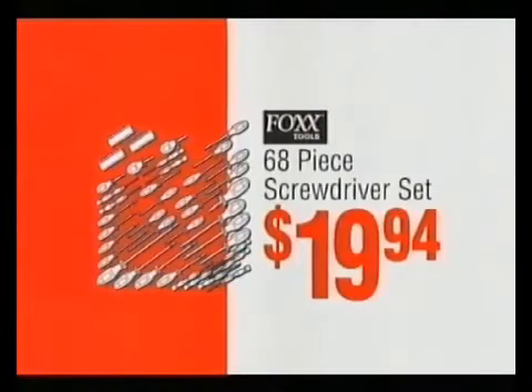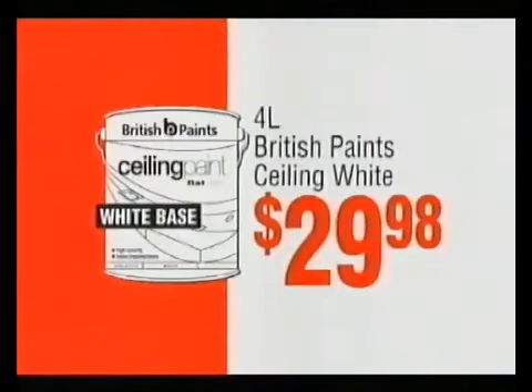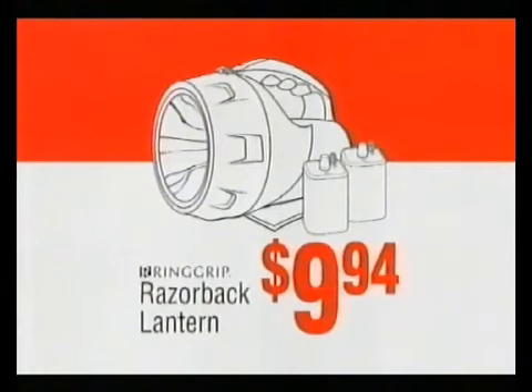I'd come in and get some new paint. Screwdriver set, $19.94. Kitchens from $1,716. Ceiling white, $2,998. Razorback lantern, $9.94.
--
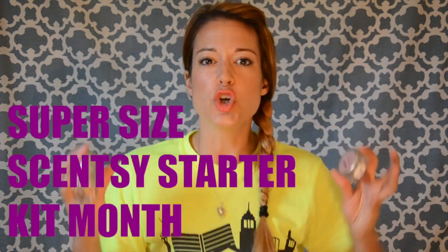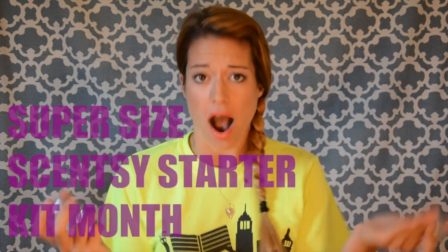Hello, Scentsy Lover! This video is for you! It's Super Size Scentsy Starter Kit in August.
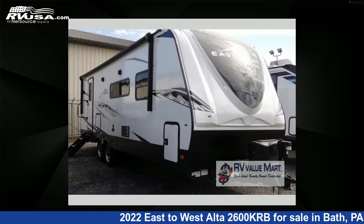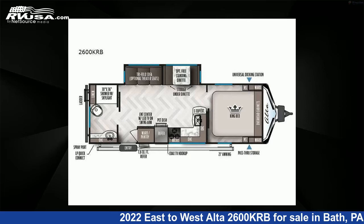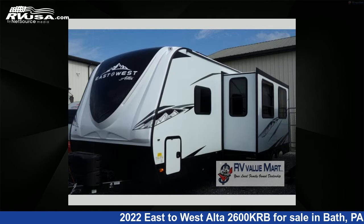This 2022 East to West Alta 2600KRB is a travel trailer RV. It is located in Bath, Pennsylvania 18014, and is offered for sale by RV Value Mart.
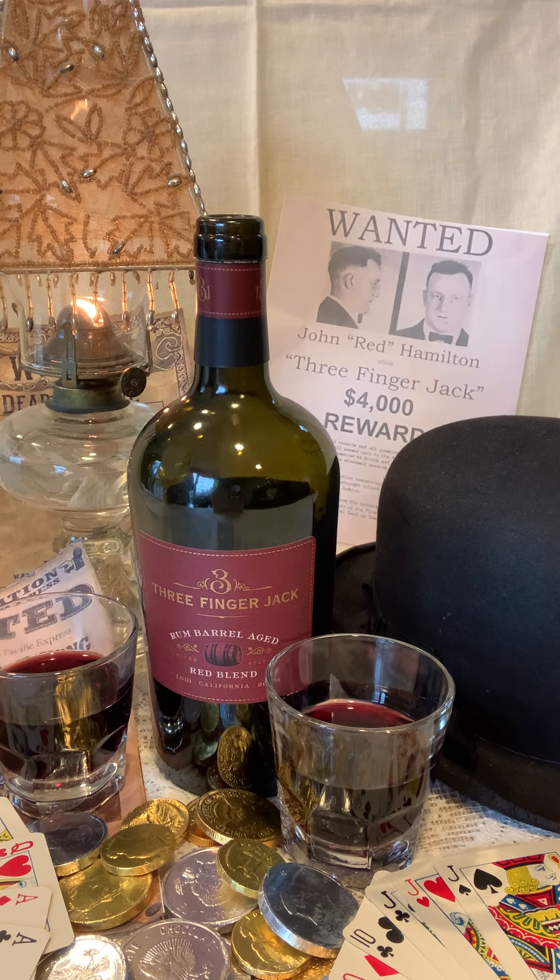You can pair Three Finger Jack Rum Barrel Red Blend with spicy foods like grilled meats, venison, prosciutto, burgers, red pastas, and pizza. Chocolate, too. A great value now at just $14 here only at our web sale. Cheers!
...
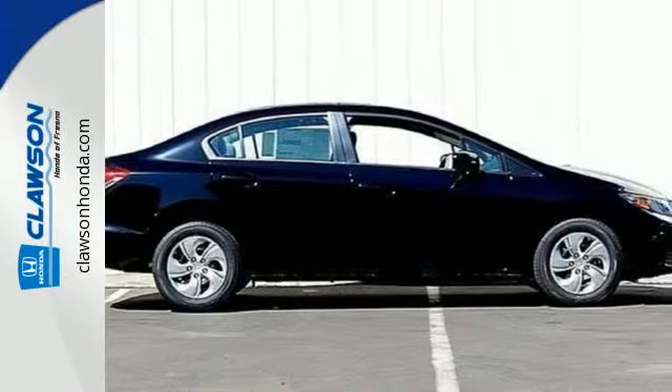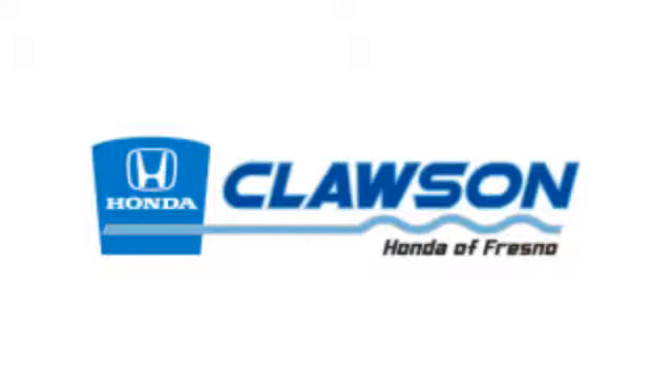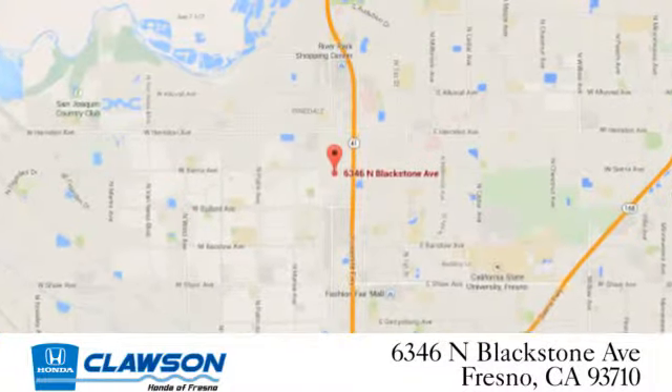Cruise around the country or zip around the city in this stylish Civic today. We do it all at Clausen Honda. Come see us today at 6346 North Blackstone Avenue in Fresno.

Problem
From the line containing "This 2022 East" through the line containing "You can pair", copy every line above exactly, without pictures.

Output of the exercise
This 2022 East to West Alta 2600KRB is a travel trailer RV. It is located in Bath, Pennsylvania 18014, and is offered for sale by RV Value Mart.
You can pair Three Finger Jack Rum Barrel Red Blend with spicy foods like grilled meats, venison, prosciutto, burgers, red pastas, and pizza. Chocolate, too. A great value now at just $14 here only at our web sale. Cheers!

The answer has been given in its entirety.